##### DATA #####
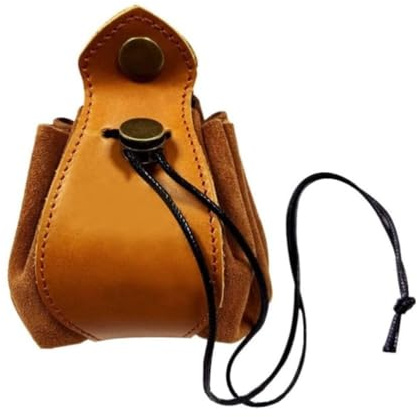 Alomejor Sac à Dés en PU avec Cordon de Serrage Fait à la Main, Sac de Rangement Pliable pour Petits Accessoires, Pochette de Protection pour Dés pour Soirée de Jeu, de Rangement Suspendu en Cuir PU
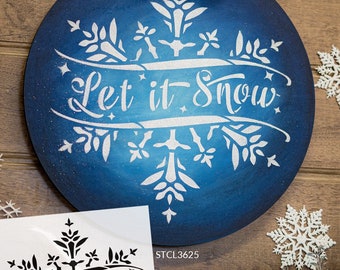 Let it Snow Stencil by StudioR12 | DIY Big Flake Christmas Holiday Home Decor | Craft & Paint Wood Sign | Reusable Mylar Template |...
#####
##### DATA #####
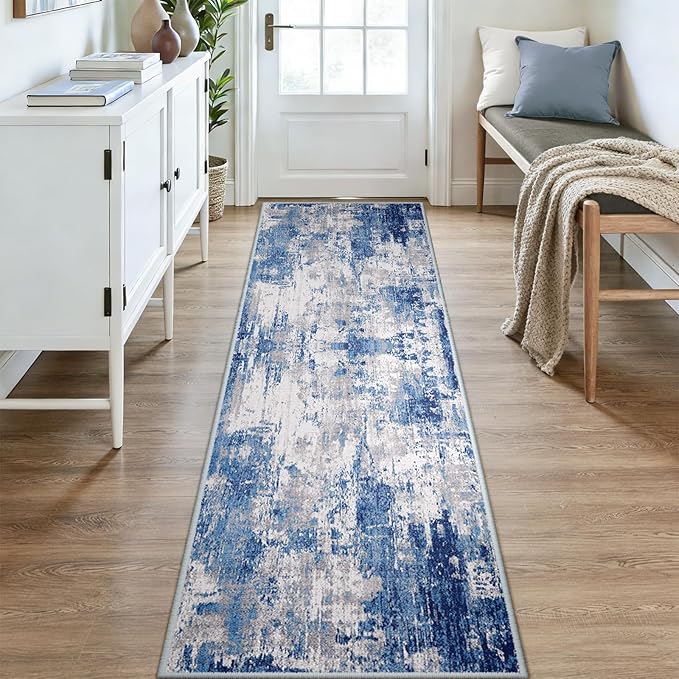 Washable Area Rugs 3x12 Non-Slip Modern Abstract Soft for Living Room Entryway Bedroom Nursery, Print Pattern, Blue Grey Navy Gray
#####
__EXERCISE__: Restate word for word every line from the one with "Alomejor Sac à" up to and including the one with "Let it Snow" in the records above, minus the pictures.

__EXPECTED ANSWER__:
 Alomejor Sac à Dés en PU avec Cordon de Serrage Fait à la Main, Sac de Rangement Pliable pour Petits Accessoires, Pochette de Protection pour Dés pour Soirée de Jeu, de Rangement Suspendu en Cuir PU
 Let it Snow Stencil by StudioR12 | DIY Big Flake Christmas Holiday Home Decor | Craft & Paint Wood Sign | Reusable Mylar Template |...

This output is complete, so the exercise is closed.